[P]olitical professionals expect more from a mainstream candidate such as Perry. After Perry’s birther Parade, strategist Karl Rove lectured his one-time friend Monday in a Fox News appearance. "You associate yourself with a nutty view like that and you damage yourself," he said. Rove added that the pandering to Trump "starts to marginalize you in the minds of some of the people whom you need in order to get the election."
Perry knows this. Perry, almost assuredly, huddled with "political professionals" before tipping his certifiably lunatic hand to Parade magazine. Yet Perry himself is a professional, which qualifies his lunacy. He knows that birtherism is crazy, whereas the peculiar audience to which he's pandering doesn't know nuts from prime rib.
But when one is a Republican presidential candidate and one is miserably down in tin-foiled, evangelical Iowa, one often does what one needs to do -- drool whole puddles of the wildly preposterous.

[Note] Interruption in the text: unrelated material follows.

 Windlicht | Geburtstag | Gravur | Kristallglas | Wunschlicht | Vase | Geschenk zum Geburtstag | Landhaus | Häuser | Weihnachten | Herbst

That doesn't mean, however, that one's drooling is inherently or necessarily enthusiastic (in some cases it does: see M. Bachmann). If Mitt Romney, for example, were abysmally down in polling, he might be tempted at the urging of political professionals to say that he possesses no "definitive answer" to, let's say, 9/11 Truthers, merely to pump up his lunatic-base numbers. As he premeditated it, Romney would resist every letter of that ambiguous wording, and again later, as he heard himself -- although this is profoundly unlikely -- uttering it.
Romney, however, would also be intelligent enough to know what Karl Rove knows: one is then stuck with one's own words in the far saner primary states, not to mention the general election. Kaboom.
Perry? He's simply not as bright as the ineffably elastic Romney -- and God knows he's more desperate. Yet that doesn't necessarily mean that Perry is enthusiastic about peddling crazy.
I offer this merely as a defense of common politics, which, like it or not, is all politics.